In the small world of venture capitalists and the early-stage companies that they fund, basic human-resources departments are often lacking, and a loosey-goosey attitude toward HR issues often remains as the companies grow into tech giants. When it comes to preserving the tech boys’ club, blame-the-victim procedures are much more insidious than the so-called pipeline problem, in which women aren’t interested in studying math and science.
You can groom all the women you want for tech and venture-investing jobs, but if they’re patronized, dismissed or told that they are ultimately responsible for the fates of their antagonizers, they won’t want to stay.
Coincidentally, a woman unrelated to the Pao case, Julia Ferraioli, wrote a blog post last week about a series of excruciating experiences in her first engineering job that almost ran her out of the industry. Here’s one:
“One of my peers decided that it would be oh-so-funny to sneak up behind me, grab me around the waist, and tickle me.

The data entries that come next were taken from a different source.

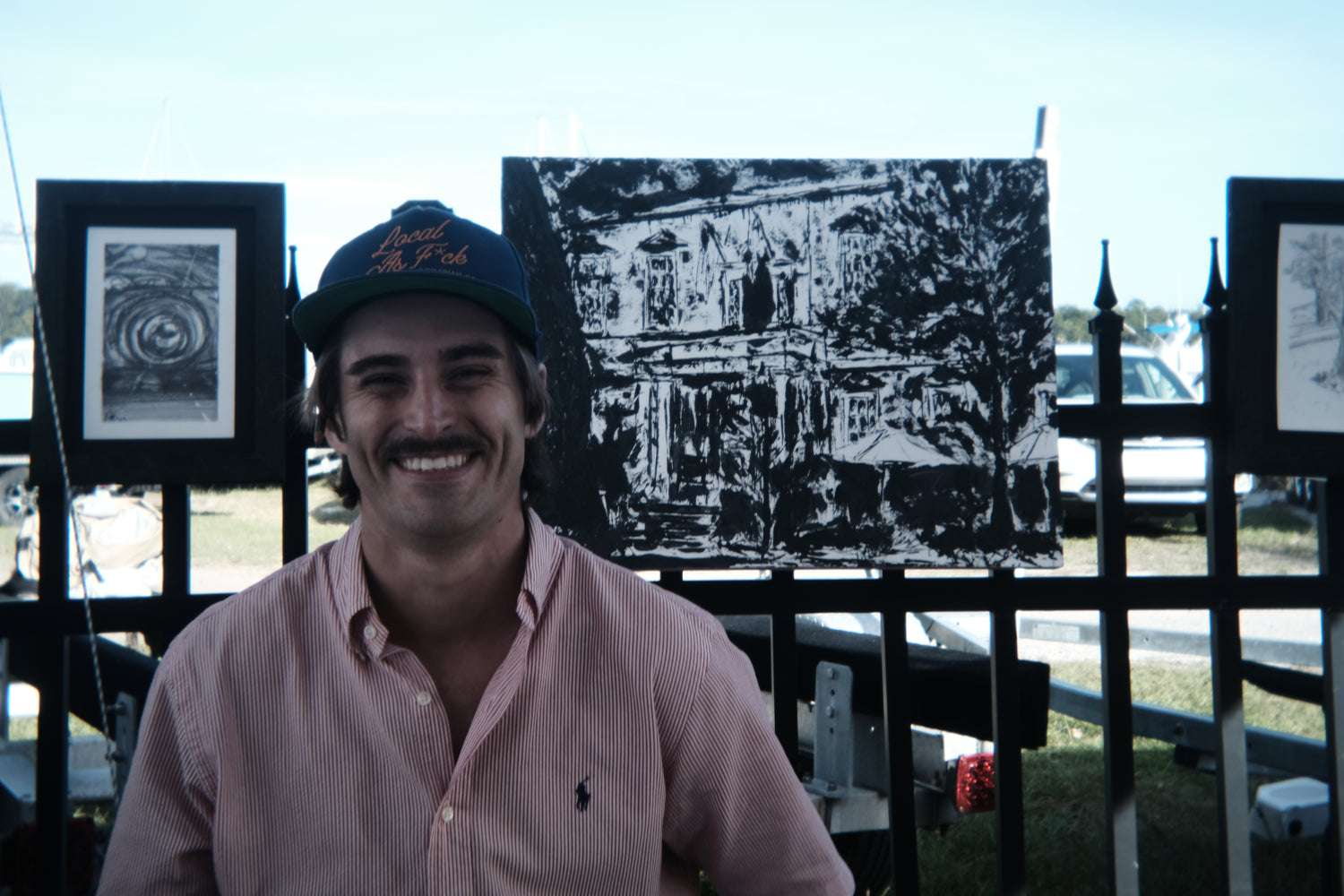 Brooks Davis II with his graphite work at the Isle of Hope Art and Music Festival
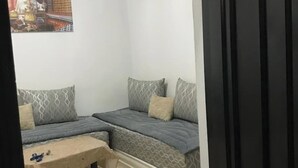 A small, compact room with two beds, a bench, and a wall-mounted picture. - Studio Nahid 3rd floor free wifi (Tanger)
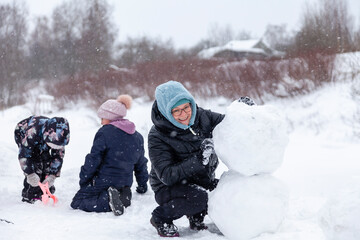 Fototapeta na wymiar Mom and children make a snowman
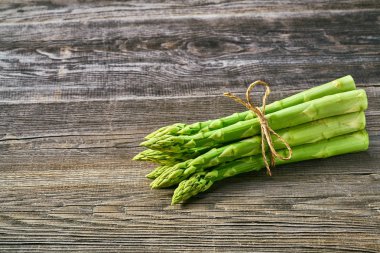 Kuşkonmaz gri bir ahşap zemin üzerine taze yeşil sürgünler. Taze kuşkonmaz demet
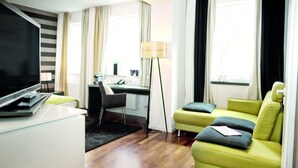 A modern living room with a flat-screen TV, a sofa, a desk, and a lamp. - City Hotel Bosse (Bad Oeynhausen)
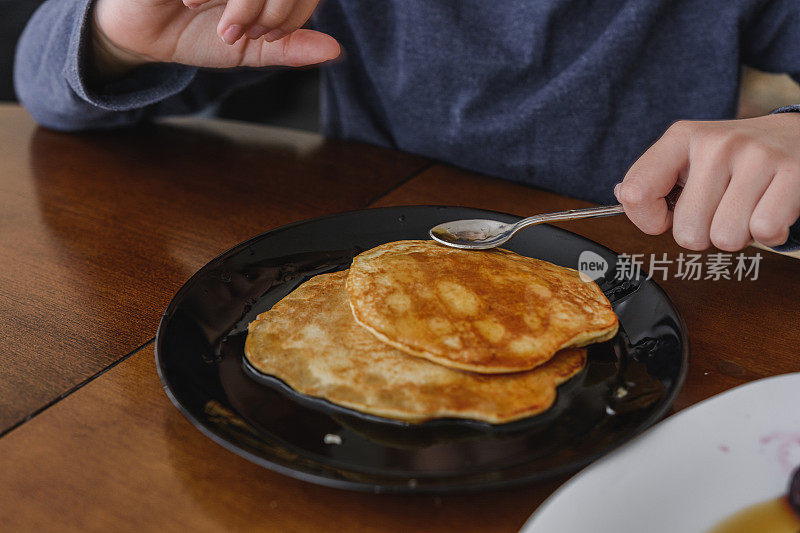 小女孩用手把糖浆洒在煎饼上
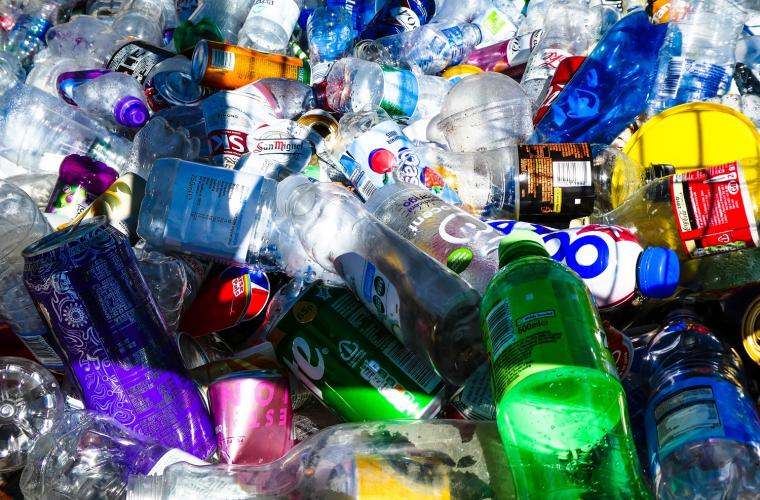 Bottles and cans in a pile waiting to be recycled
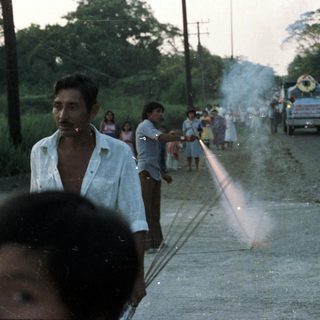 Man lighting fireworks on a road with onlookers.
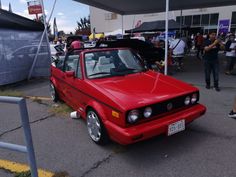 a red car parked in front of a building with people standing around and looking at it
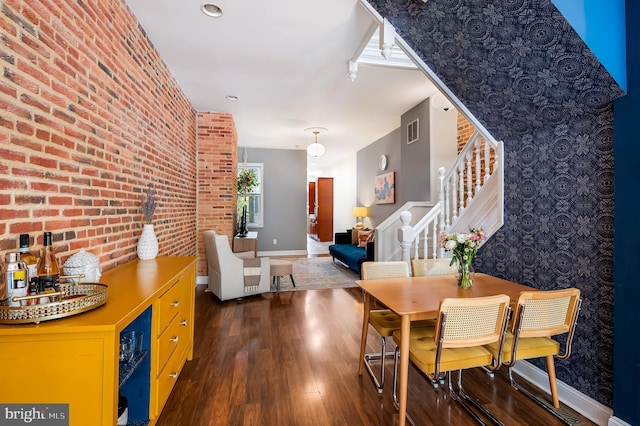 dining area with baseboards, wood finished floors, stairway, and brick wall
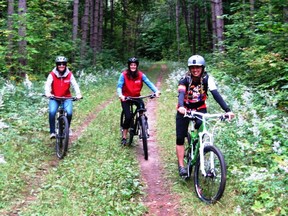 Enjoying the off-road trails are (from left) Jenna Hunter, Natasha Borutski and ride guide Sara Archer. (Barbara Fox photo)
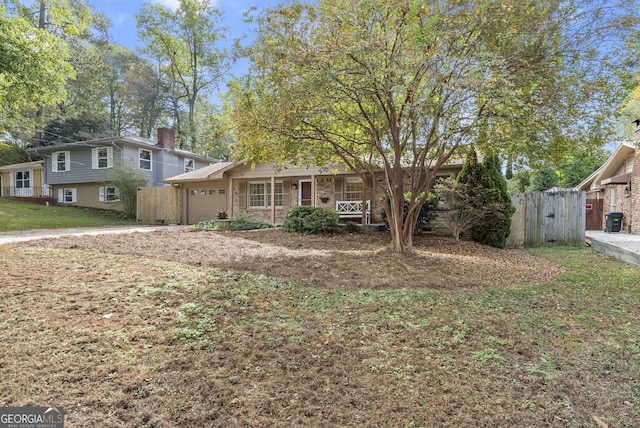 view of front of property featuring a porch and a garage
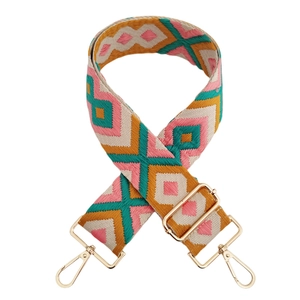 Detail of colorful geometric jacquard 5cm bag strap with gold metal lobster clasps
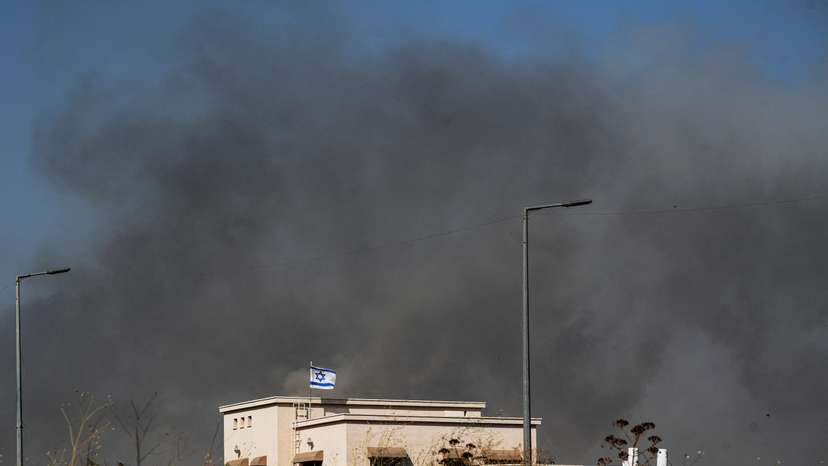 Smoke billows behind a house following over border attacks from Lebanon, in Katzrin in the Israeli-occupied Golan Heights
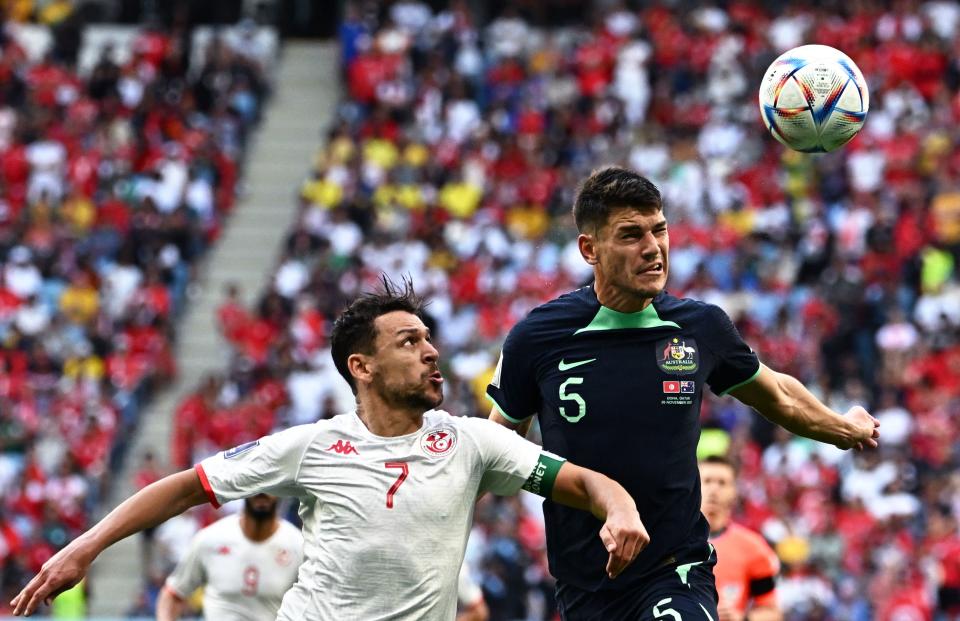 TOPSHOT - Tunisia's forward #07 Youssef Msakni (L) fights for the ball with Australia's defender #05 Fran Karacic (R) during the Qatar 2022 World Cup Group D football match between Tunisia and Australia at the Al-Janoub Stadium in Al-Wakrah, south of Doha on November 26, 2022. (Photo by Anne-Christine POUJOULAT / AFP) (Photo by ANNE-CHRISTINE POUJOULAT/AFP via Getty Images)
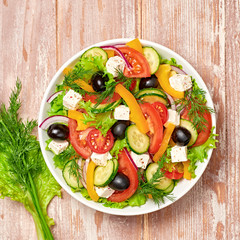 Greek salad with cucumeber, olives, feta cheese, cherry tomatoes, bell pepper, onion and lettuce. Diet, vitamin food. Healthy vegetarian meal concept. Tasty salad in bowl on wood, top view.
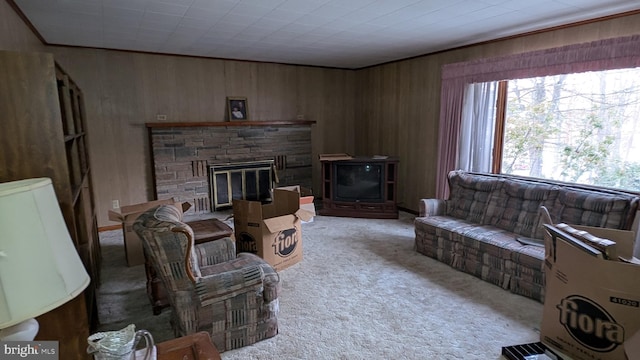 carpeted living room with wood walls and a stone fireplace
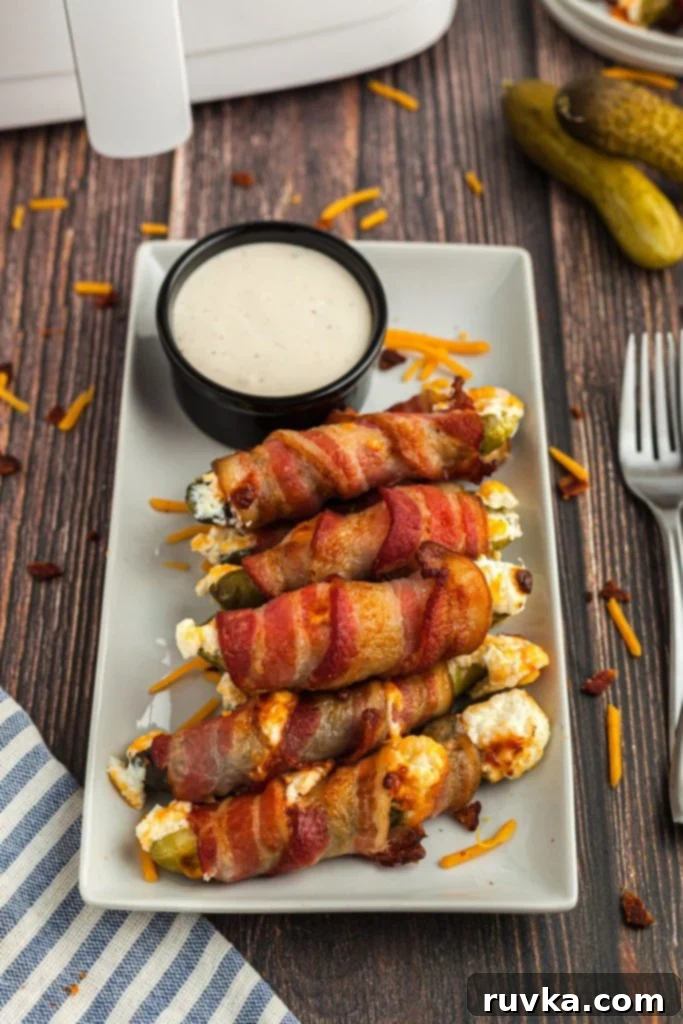 Air-Fried Pickle Bites 2 Rectangle plate with bacon wrapped pickles filled with cream cheese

“The first time it happened, I asked him not to repeat it, that it made me uncomfortable. The second time, I told him to stop. The third time, I talked to my manager. The fourth time, I talked to my manager’s manager.
“The Tickler laughed every time I told him to stop; he saw my right over my own body as laughable. His desire for amusement outweighed my need to feel secure in my work environment. My colleagues were sometimes present during these incidents, but no one intervened, or spoke up on my behalf.
“My conversations with the management chain were equally disheartening as the inaction of my colleagues. They explained it away with good-natured teasing, team camaraderie, and warned me about ostracizing myself from the group. After all, my gender already created a wall between me and the team, and I didn’t want to make that worse!”
The common thread that runs through the stories of both Vassallo and Ferraioli is that they were encouraged — implicitly or explicitly — to stay quiet about the way they’d been treated. Complaints were thought to be bad for “the team.”
If being on the team means giving up basic respect and safety, no wonder so few women want to make the bargain.
Silicon Valley isn’t purely bad. Ferraioli, who’s now at Google, says she’s found an engineering job she loves, with people who respect her. Vassallo, who was described by her Kleiner colleagues as a world-class investor, still serves on boards and acts as an independent adviser.
Unfortunately, most tech companies are way more comfortable attacking the pipeline problem, donating money to educational programs that draw women into the kind of math and science classes that feed into technology jobs. Apple just donated $50 million to this effort. Kleiner partner John Doerr often says something must be done to bring more women into his profession.
But if these companies want women in their ranks, they need to do more for the women they’ve already hired. They need to create a workplace where women want to be.
Katie Benner is a tech columnist with Bloomberg View.